HEWSEN: Yeah. I guess, yeah.

CAIRNS: Don’t guess, be sure, or we might as well just go home—no money, no film, no book, nothing. You want that?

HEWSEN: No.

CAIRNS: ’Course not. So. Are you sure?

HEWSEN: . . . Yes. Miss.

CAIRNS: Good.

It’s definitely my voice—I hear myself say the words, and they sure as hell sound like the sort of bullshit I pull out when there’s something I want that I don’t want to be made to feel bad about wanting. I know it’s Safie, too. But . . . no, otherwise there’s just a hole, a blank. No sense of time or place. Just . . . empty.

Similarly, Simon tells me I phoned home that night—spoke to him at some length. Tried to speak to Clark, or get him to speak to me, but all he’d do was jig up and down on the bed yelling some rhyme Simon didn’t think he’d ever heard before.

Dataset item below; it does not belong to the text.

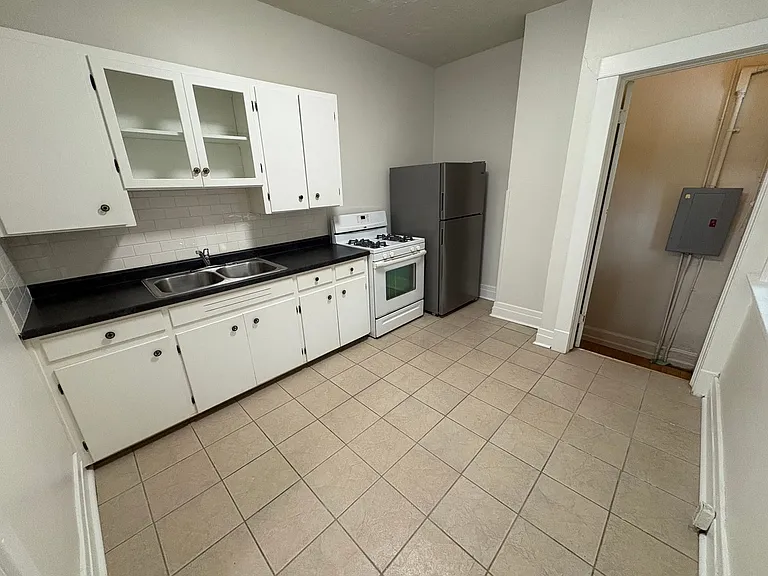2917 Jackson St — Photo 22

He couldn’t tell where Clark might’ve picked it up from, but thinks it went like this:

Inside out and outside in

This is how the world begins,

Outside in and inside out

Is how you blow a candle out.

“Dude, so loud,” I observed, and Simon laughed, or so he says. “He’s been like that since you left,” he told me. “Maybe he does miss you after all.”

I snorted. “Chance’d be a fine thing.”

“Aw, now, hon. Stay positive.”

“Well, I would, except for the fact that doesn’t sound a thing like me, really. Does it?”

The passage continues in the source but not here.